Figure atypique dans le milieu du journalisme sportif français, Romain Molina a publié mi-septembre une enquête dénonçant l’inertie de la Fédération française de football face à des affaires mettant en cause des cadres ou entraîneurs.
Le siège de la Fédération française de football, en juillet 2008. (Eric Gaillard/Reuters)
publié le 27 septembre 2022 à 14h00

Dans une enquête publiée le 16 septembre en anglais dans le magazine norvégien Josimar Football, le journaliste français Romain Molina rapportait que la Fédération française de football (FFF) aurait couvert des cas d’abus sexuels depuis les années 80. Selon le système qu’il décrit et dont il présente des preuves écrites, la fédération était au courant de plusieurs agissements sur des joueurs et joueuses mineurs mais n’a pas signalé ces cas à la justice (à l’exception d’un seul, sous la menace d’une grève). A ces manquements judiciaires s’ajoute le reproche de ne pas avoir ôté leurs licences aux personnes présentées comme les auteurs et autrices de ces abus, comme le prévoit le règlement de la FFF – ce qui aurait pu mettre fin à leur carrière professionnelle dans le football et à leurs contacts avec des jeunes sportifs et sportives. Le journaliste souligne également que les gouvernements concernés n’ont jamais été informés de ces abus. Dans une seconde enquête toujours publiée sur Josimar, Romain Molina détaille le licenciement du patron de l’arbitrage en Ile-de-France, accusé de chantage et de harcèlement sexuel sur des mineurs. Au total, le journaliste met en cause nommément neuf entraîneurs, encadrants ou hauts responsables travaillant à des postes élevés du football français.

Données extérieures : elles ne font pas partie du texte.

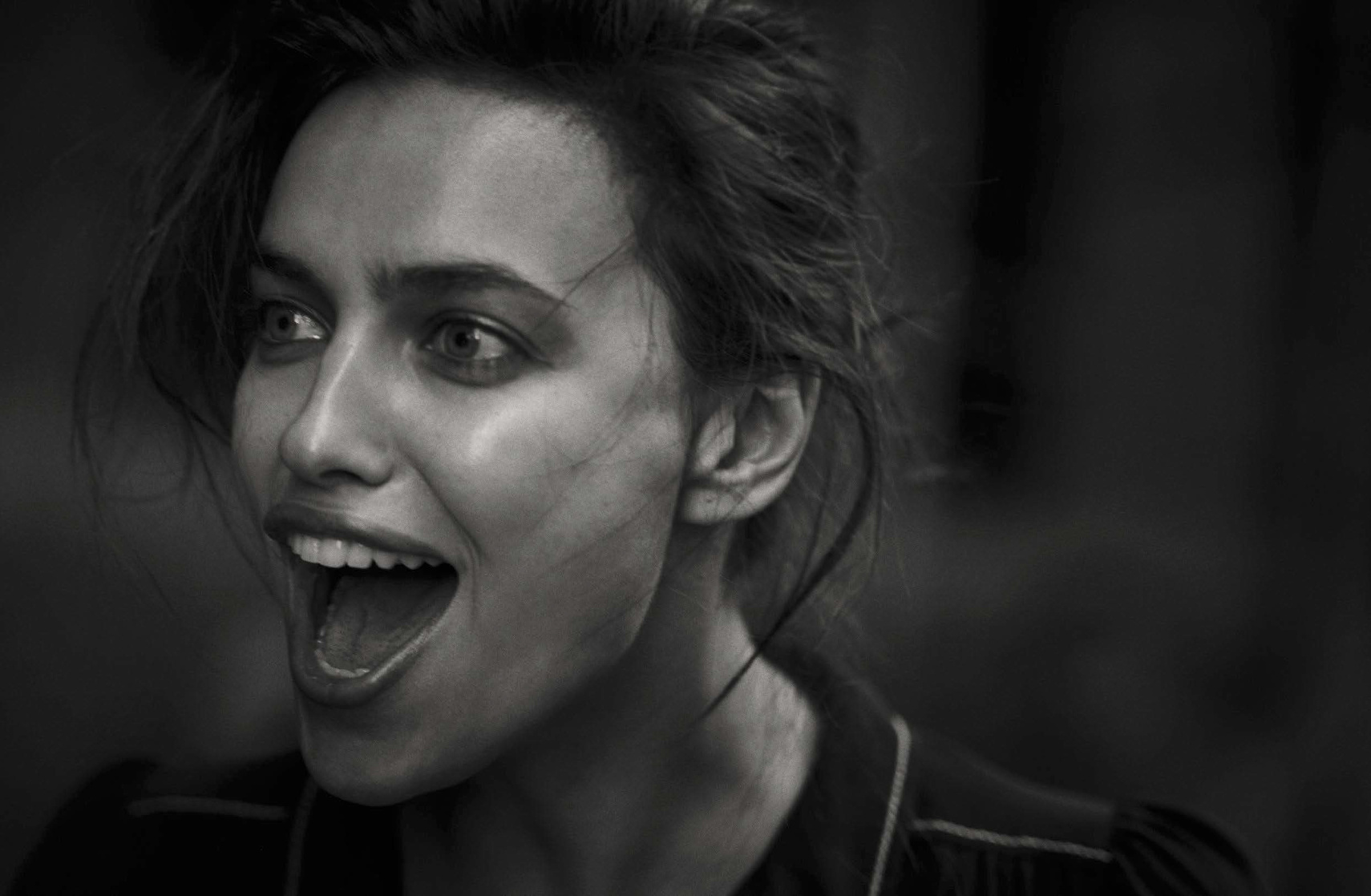 Irina Shayk Irina Shayk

Retentissement sur les réseaux sociaux

La publication de l’enquête (la semaine où le magazine So Foot avait déjà dévoilé des SMS sexistes qu’aurait envoyés le président de la FFF, Noël Le Graët – la fédération a indiqué qu’elle allait porter plainte pour diffamation), a connu un important teasing, puis un grand retentissement, sur les réseaux sociaux. Suivi par près de 440 000 personnes sur Twitter, le journaliste indépendant bénéficie d’une large communauté d’abonnés, qui suivent et relaient ses scoops sur le monde du football et particulièrement sur les faits de pédocriminalité dans ce milieu.

Figure atypique du journalisme sportif, Romain Molina (à qui CheckNews avait consacré un article) est réputé pour le déballage des dessous du football dans ses vidéos, ainsi que pour les enquêtes publiées dans les médias internationaux les plus prestigieux comme le Guardian ou le New York Times. Sa communauté le campe volontiers en lanceur d’alerte dans un univers du journalisme sportif français marqué par l’omerta et la compromission. Suite à la diffusion de sa première enquête, de nombreux internautes, dont le célèbre musicien français DJ Snake, ont tout de suite reproché à l’Equipe, principal journal sportif en France, ou à RMC Sport de préférer couvrir des sujets légers plutôt que reprendre les révélations graves de Romain Molina, souvent présentées comme «une bombe».

D’autres commentateurs, comme le journaliste de Mediapart Ilyes Ramdani sont venus au secours de l’Equipe, en signalant que «les deux principales histoires de son papier ont été (très bien) documentées par l’Equipe il y a 2 ans».

Cinq cas d’abus déjà documentés par la presse sportive

De fait, parmi les neuf noms cités par le journaliste, cinq avaient déjà fait l’objet d’articles. Il s’agit d’Angélique Roujas, David San José, Marc Varin, Yves Ethève et Jacky Fortépaule.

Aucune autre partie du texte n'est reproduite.